My days are taken up at present with my five-year-old grandson. Among many, many activities, we have in the past week formed the habit of riding our bicycles each morning at just after 7 am, when the thick summer air will still let you breathe.
With Grandson ahead of me, little legs pumping, we ride down our graveled road, past the crowing rooster on a fence, and then down the county blacktop, past fields and thick swampy woods, turn left and speed along the road lined by country houses, fields, and pecan orchards. At one house, three dogs come racing across the long yard, barking furiously. We holler, “Good mornin’!”
On these rides I teach my grandson important things, like to look both ways, ride toward the oncoming traffic, that Nana’s job is to keep him safe, and how to go down a deserted gravel driveway into a field and pee behind a tree.
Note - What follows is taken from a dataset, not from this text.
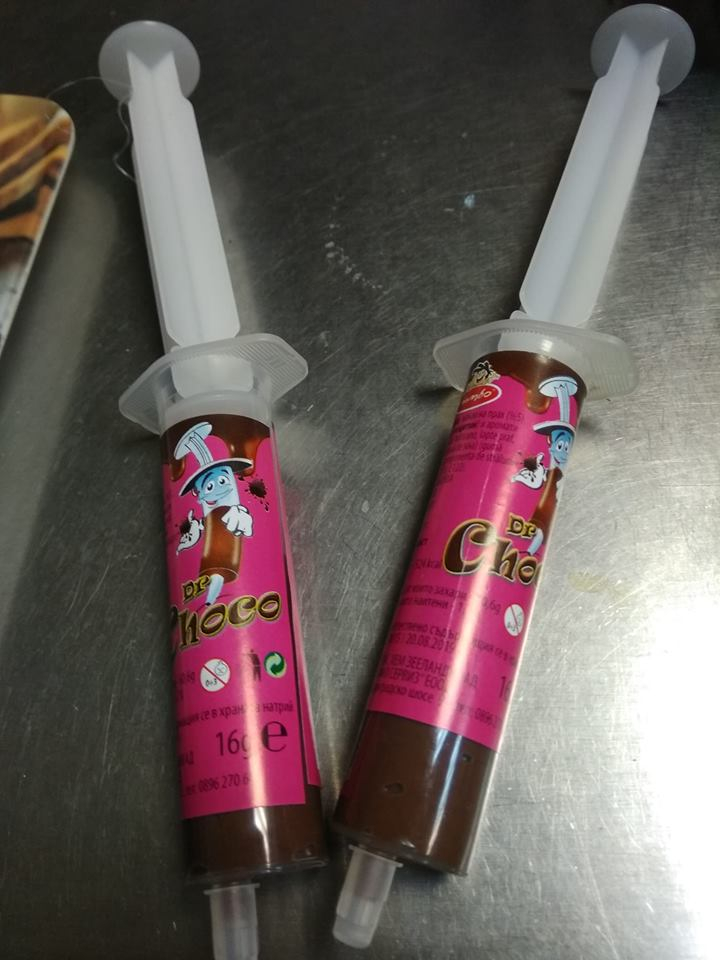 Шок! Бургаски деца смучат спринцовки заради...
After that lesson, Grandson rode the weedy gravel track to see where it went. To a small boy, the world is very large. He disappeared into tall weeds, and then his call: “I’m in the end of the ro-ad, Nana!”
In, not at the end of the road. The moment shimmers across my mind’s eye–the delight in his voice, the green weeds and thick wood. It was one of those moments that a thousand nameless truths came to me at once. The first one to stand out was bone-deep gratitude for making space in my life for this child. Then that I could still ride a bike. By the time we arrived home, my mind had sorted out that maybe at the same time that I was making space for the boy, I was also making space for both the Writer and the Mother to discover what needs to be discovered.
You see, since I began writing, when my son was this same age as Grandson, it has seemed that there are inside of me two women: the Writer and the Mother. These two parts of my nature have been in direct opposition to each other. The Writer looks inward and needs great swaths of time alone to think and to read and to play with words. The Mother looks outward, and needs to always be seeing to the needs of the child, to anyone, actually, and in so doing gets very little time alone.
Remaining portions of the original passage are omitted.